* Problem requirements
At the line with "foxyluscious บน Chaturbate: รูปภาพและโปรไฟล์", start repeating the data, and continue line by line through the final line, exactly.

* Exercise inputs
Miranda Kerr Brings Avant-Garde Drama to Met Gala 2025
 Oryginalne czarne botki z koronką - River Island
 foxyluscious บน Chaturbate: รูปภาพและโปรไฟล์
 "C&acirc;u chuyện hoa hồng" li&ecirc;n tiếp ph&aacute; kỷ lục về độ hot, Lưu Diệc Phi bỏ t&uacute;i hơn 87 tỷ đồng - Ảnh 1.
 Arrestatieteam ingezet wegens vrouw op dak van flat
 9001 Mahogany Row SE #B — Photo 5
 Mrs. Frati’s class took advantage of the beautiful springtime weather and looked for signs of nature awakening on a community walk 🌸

* Result for this task
 foxyluscious บน Chaturbate: รูปภาพและโปรไฟล์
 "C&acirc;u chuyện hoa hồng" li&ecirc;n tiếp ph&aacute; kỷ lục về độ hot, Lưu Diệc Phi bỏ t&uacute;i hơn 87 tỷ đồng - Ảnh 1.
 Arrestatieteam ingezet wegens vrouw op dak van flat
 9001 Mahogany Row SE #B — Photo 5
 Mrs. Frati’s class took advantage of the beautiful springtime weather and looked for signs of nature awakening on a community walk 🌸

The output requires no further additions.